Yes cars/trucks/busses are still useful overall and are an incredible last-mile solution for freight.
But on a personal level, it means we all must live far apart and maintain our own individual vehicles, along with the average total costs of $11,500/year PER CAR. [0]
I’m not saying they should’ve even been banned for personal use - owning a car and living in a rural suburb should still be an option, but it is very expensive to choose that lifestyle.
However the auto companies on the early to mid 1900s had heavy influence on policy, even buying and shutting down their public transit competitors, converting cities into “car cities”. This is where it drove into “negatives outweigh the positives” territory.
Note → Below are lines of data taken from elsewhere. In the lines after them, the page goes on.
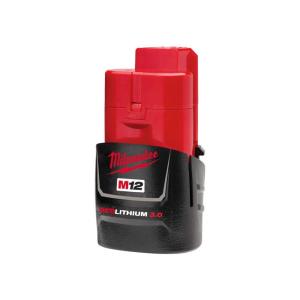 【国内正規品】ミルウォーキー M12 B3 J...の詳細画像1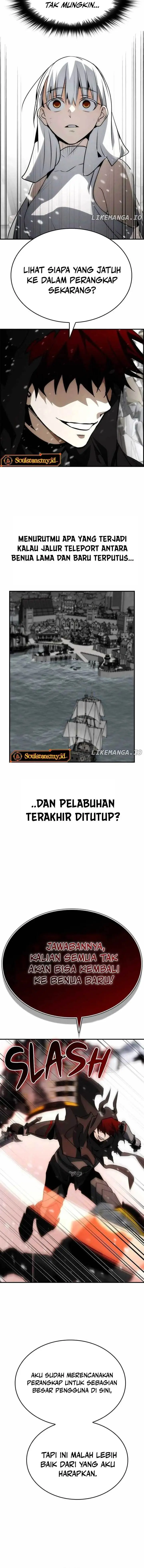image-komik-bad-ending-maker-chapter-85-9/21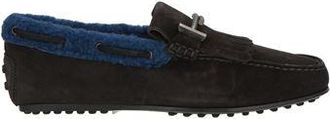 Tod's CALZATURE - Mocassini su YOOX.COM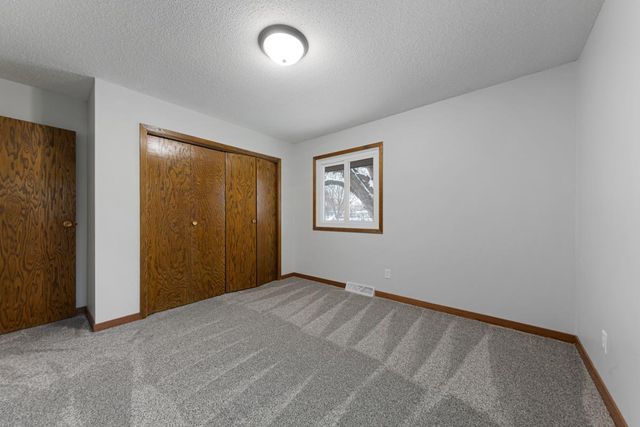 1110 Linden Street S, Northfield, MN 55057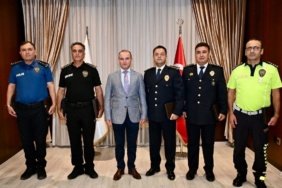 Denizli-Emniyeti039nde-terfi-heyecani-5-mudur-yardimcisi-1.-sinif-oldu-featured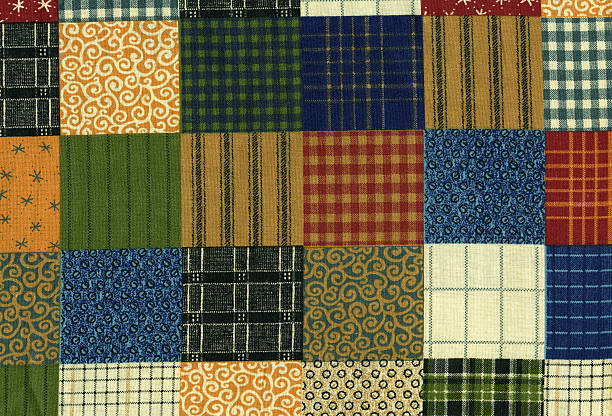 Plaid Fabric: An enduring design with countless applications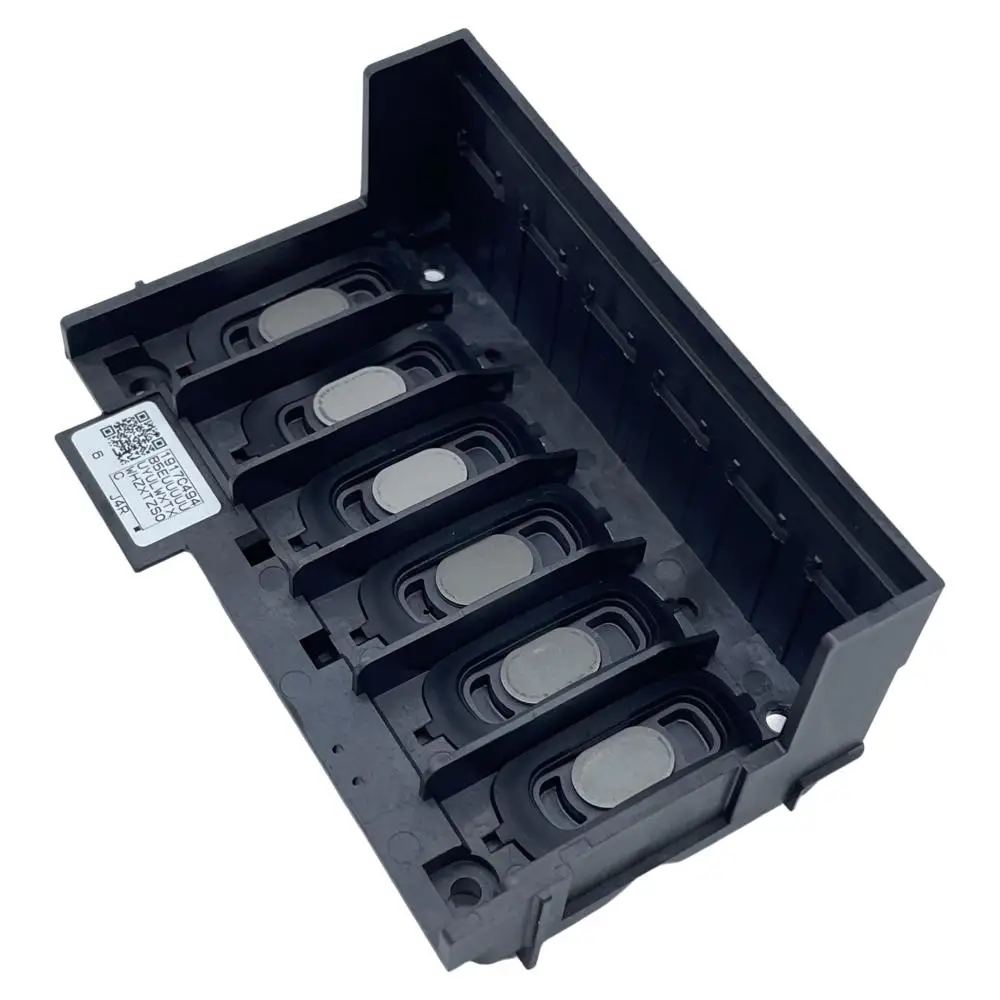 Imagem -02 - Cabeça de Impressão para Epson Ecotank Impressora Fa09231 et 8500 Et8550 Et9500 et 8550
Everything before that was more positive, but this was a massive negative on society and continues to handicap cities today, making them expensive and even just dangerous to walk around (due to high speed roads and limited sidewalks)
The amount of space in US cities (broadly, out into their sprawl) that is used up by cars is incredible and serves to make other modes of transportation (to include things like busses, even) less-useful and make cars on-par with or worse than things like bicycles once you take out the time spent traveling these inflated distances, ~50% of which distance typically exists because of cars, and the time spent working to pay for your car, to say nothing of then needing to dedicate more time specifically to working out (or just accept being less healthy) because you're not walking or bicycling as much as you could be in a world where cars hadn't sprawled everything really far apart with gigantic parking lots, half-mile-diameter highway interchanges, large barely-used front lawns to provide distance from unpleasant and loud roads, big unusable "green space" buffers from highways, et c.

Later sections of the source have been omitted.